To recap the reads are done via SPARQL CONSTRUCT queries and the
writes via HTTP PUT and I get frequent HTTP time-outs
I've put together a little demo application which demonstrates this,
it takes a very small graph (58 triples) and attempts to repeatedly
write the graph to 4store and then read it back again. I wonder
whether the fact that I'm overwriting an existing Graph in the store
is part of the problem since the 1st write and read are almost
instantaneous but after the 2nd write it hangs? But I've tried it
when I use a different Graph URI for each write/read attempt and I get
exactly the same behaviour.
The demo application can be checked out of SVN here:
https://dotnetrdf.svn.sourceforge.net/svnroot/dotnetrdf/samples/4s-stress-test
Run the 4s-stress-test.exe file from the bin\Debug directory
It's a Windows command line application that prompts for a URI for a
4store server and the option of using a different Graph URI for each
iteration before attempting to do 100 write/read attempts in
sequence. I was hoping to have this run under Mono but I've found
what may be a bug in the Mono runtime which prevents this currently.
Can you guys take a look and tell me what you think?
Rob
The problem was that I wasn't explicitly closing the connection to
4store after a POST operation whereas with the read operations the
connection always gets closed. This causes an issue since .Net's HTTP
model will permit only two concurrent connections to a given domain at
a time so once two writes were done I had two open connections to my
4store instance which blocked any more connections from being made
hence the timeouts.
So this was primarily a bug in my code but I'm wondering whether
4store is not closing connections at it's end, I have connectors for
other stores that use a similar pattern which never had this problem
(though I've now applied the fix universally for good measure) so I
don't know if 4store isn't closing requests properly after responding.
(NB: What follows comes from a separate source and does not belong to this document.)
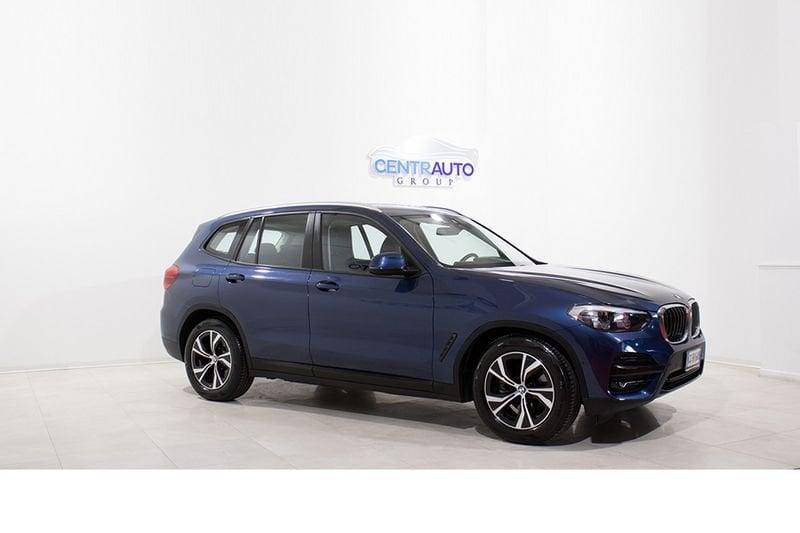 BMW X3 sDrive 18d 48V Business Advantage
I had looking into this down for today and I wasn't enthusiastic about
trying to reproduce the problem via running a Windows executable, so
you saved me some time there.
I believe that 4store does close connections once it has finished with
them. An earlier generation of the code had a double-close bug and we
put some effort into making sure it closed each socket exactly once.
Is it possible that the difference with other stores is that they
speak HTTP/1.1 and so you can re-use the connections whereas 4store
only does HTTP/1.0 with exactly one connection per operation ?
I would be interested in adding HTTP/1.1 support to 4store, but I am
quite busy for the forseeable future. In theory offering HTTP/1.1
could reduce the setup/ teardown overhead and would show a performance
improvement for some use cases, particularly with longer network
latencies. So, for long imports or slow queries on the local machine
it would make no difference, but if doing many sequential fast queries
over the Internet (where latencies often exceed 100ms) it could be a
very large improvement.
It's possible that quality of implementation issues that forbid the
full exploitation of HTTP/1.1 by web browsers (basically, too many web
servers crash, corrupt data or have other unacceptable behaviour
unless you limit yourself to a "known safe" subset of the
specification) need not apply to SPARQL, and we could thus get some
performance wins from offering HTTP/1.1 features like pipelining.